SNOTEL data during code jobs execution

Dear competition organisers, I have a question about the “Water Supply Forecast Rodeo: Hindcast Evaluation”.

My last submit (id-247784) failed to complete due to this error:

2023-12-21 23:03:26.739 | INFO | __main__:main:103 - 90%|████████▉ | 6500/7240 [59:26<06:50, 1.80it/s]
2023-12-21 23:03:47.443 | ERROR | __main__:main:122 - Error predicting ('hungry_horse_reservoir_inflow', '2023-05-08')

The problem is that the algorithm could not find SNOTEL data for a period of several tens of days preceding the issue date. Could you tell if this is expected behaviour? I mean there is no data for April and May 2023 - is this expected, or some ETL process just didn’t put the data in the right folder.

Thanks in advance!

Happy New Year, everyone! I’d be grateful for a response - I have no problem predicting for these dates when running locally

Hi @Dreamlone,

To my knowledge, there is not anything wrong with our ETL, and no other competitors have reported any issues like what you are describing.

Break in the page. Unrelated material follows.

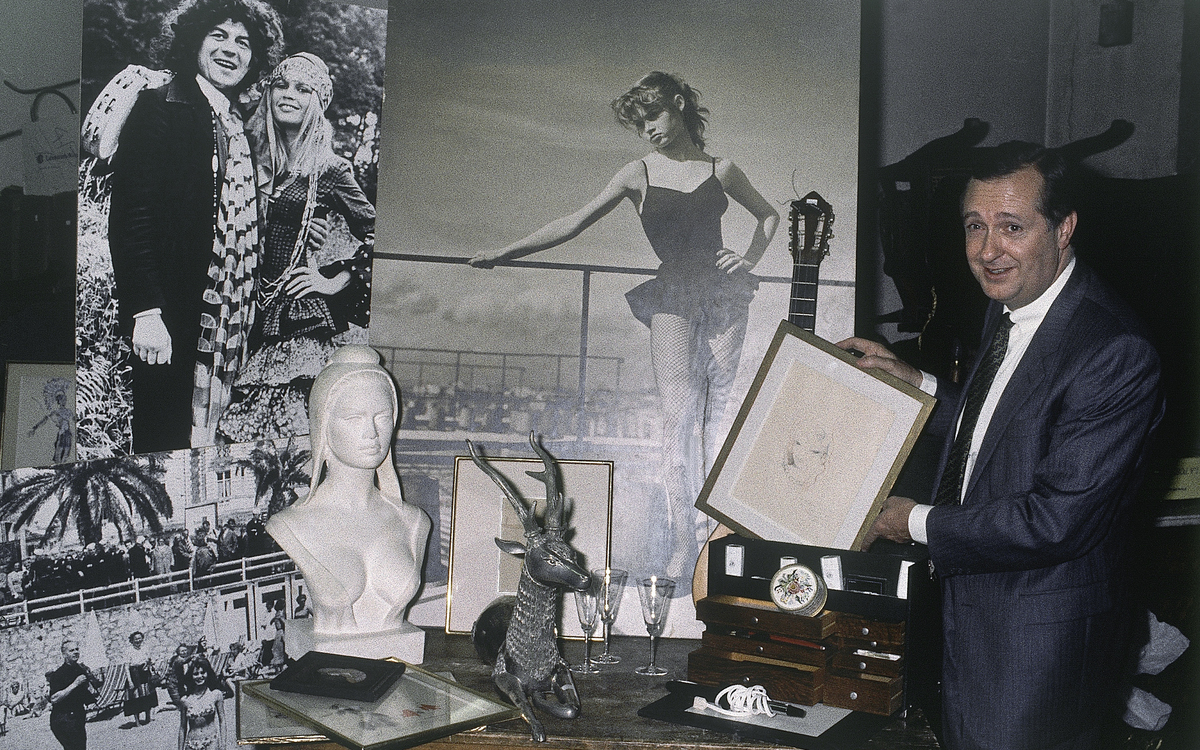 δημοπρασία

As with any real world data source, there can be many reasons why some specific station might not have had data available in a certain time period. Additionally, this data is often provisional and can be updated several months later by NRCS, which means it can often be added or removed.

Dear Jay, thank you very much for your reply!

Just to be clear:

  • My algorithm uses aggregation of data from n days before the forecast generation date (issue date) - in the current implementation: 90 days. The data does not necessarily have to be on every day during that period. It is enough to have at least one day in several months to collect features for prediction model
  • The algorithm generated predictions for all sites and for all previous issue dates (6500 cases) without any errors, which confirms the fact that it works correctly in the execution environment
  • When I saw the error, I decided to check how my code was executed locally - I did this the next day after sumbission (same date as the question - 10 days ago). To do this I ran the code in the runtime repository (GitHub - drivendataorg/water-supply-forecast-rodeo-runtime: Data and runtime repository for the Water Supply Forecast Rodeo competition on DrivenData) and the code worked without errors including for the case ‘hungry_horse_reservoir_inflow’ - ‘2023-05-08’.

So I came to the conclusion that perhaps it was the execution environment that didn’t load the data.

About your comment that no such notifications were received from other participants - I see two reasons:

  1. Not all participants use SNOTEL data in the model
  2. Such errors can be simply unnoticed by participants. For example, in conditions where the number of runs is limited, contributors may set try-Except blocks in the code to ensure fail-safe execution. Since custom logs from developers are not output to the console, we (as participants) may simply not know that a few cases failed to predict and therefore an additional prediction algorithm (usually very simple and inaccurate) was used

So to any assumptions about the data, I can give my counterarguments (I hope that doesn’t seem rude from my side). As an engineer, I would prefer to see, for example, logs about the loaded data. But as far as I understand it is no longer possible to do

Anyway, thank you for the reply (and for the opportunity to compete)

Hi @Dreamlone,

This is incorrect. You are expected to and encouraged to log out information about your submission to ensure that it is running in the way you are expecting. You can see an example of a custom logging statement in the provided example that successfully will print out.

Regarding the data that you believe is missing: you can a list of the files for WY2023 in the data drive here: water-supply-forecast-rodeo-runtime/data.find.txt at d91b4339779530aad5857d7fdf5b8b40b5deab49 · drivendataorg/water-supply-forecast-rodeo-runtime · GitHub

From a quick look at the stations in sites_to_snotel_stations.csv associated with hungry_horse_reservoir_inflow, there are observations present in March and April 2023 as expected. If you believe there is specific data missing, you will need to be more specific.

Given that the data looks to be available, you may consider that there is a different cause of the error that you are seeing.

Dear Jay, thank you very much for the clarification!